Who said salad had to be boring?

Food fads: instant irritation

Whether people are cutting carbs, attempting to eat healthily or on a plight to be ‘quirky,’ food fads constantly change and I find myself frustrated at the newest trends lingering on everyone’s taste buds. So what’s in right now and what’s wrong with it?

Frozen yoghurt. Nothing in this world irritates me more than those two words followed by an Instagrammed photo of a cold dessert splashed with an array of average chocolate and fruit. Realistically, you’re just eating fruit and ice cream: no one cares.

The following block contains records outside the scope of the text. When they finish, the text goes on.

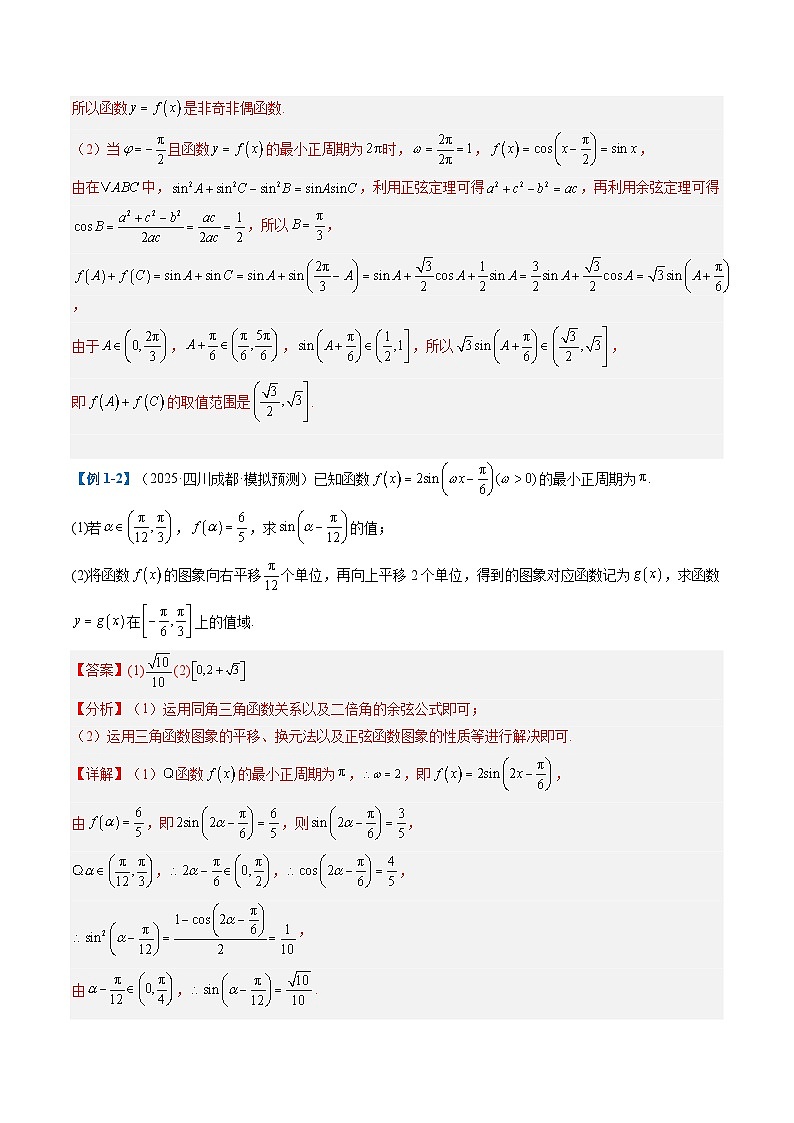 01 三角函数与解三角形题型讲义（6大题型）（解析版）第2页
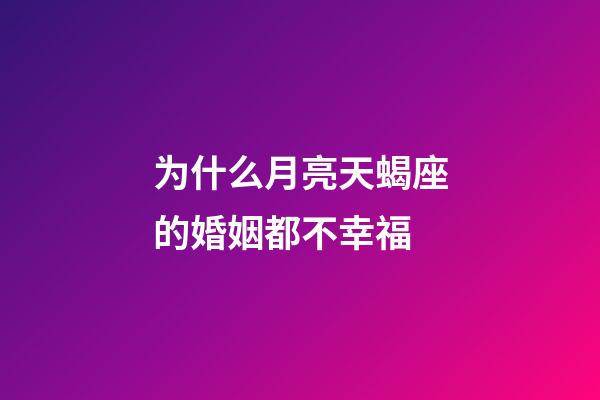 为什么月亮天蝎座的婚姻都不幸福-第1张-星座运势-玄机派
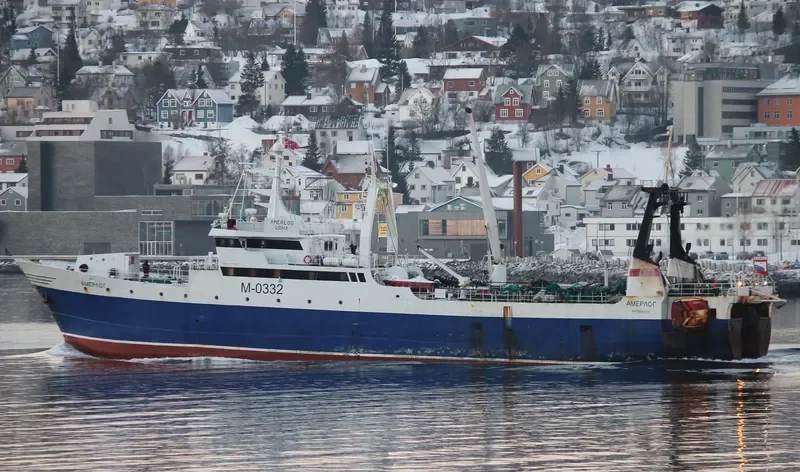AMERLOG General Cargo IMO 7607352 photo 2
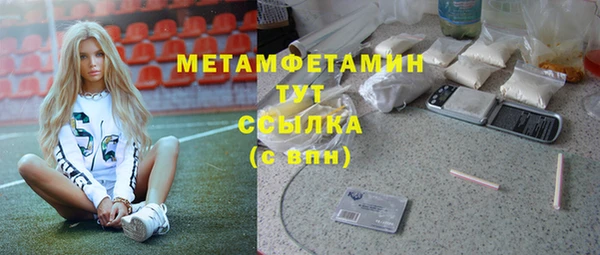 винт Вязьма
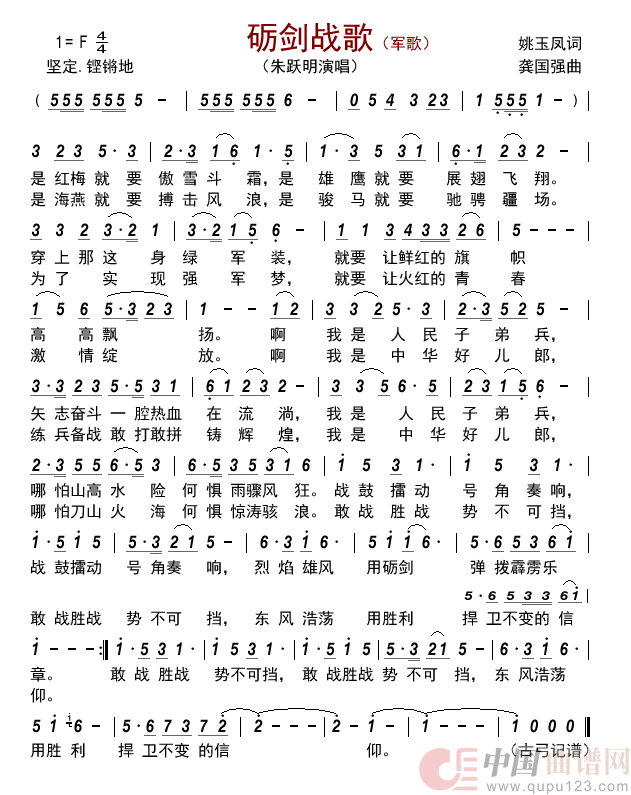 砺剑战歌（军歌）    简谱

Another trend frequently blogged about are the world’s most expensive foods. This week, £1000 coq au vin was launched in Le Coq d’Argent restaurant. Paying this price is a joke, right? What makes life worse is that fancy food looks nice, causing feelings of envy and misery in the average soul.

Hand-in-hand with costly prices are tiny portions. In critically acclaimed restaurants, you pay as much money for as little food as possible. Where’s the logic? Out go traditional hearty meals and in come measly morsels of food. Even programs like Master Chef seem to promote this inane policy, which is just plain sad.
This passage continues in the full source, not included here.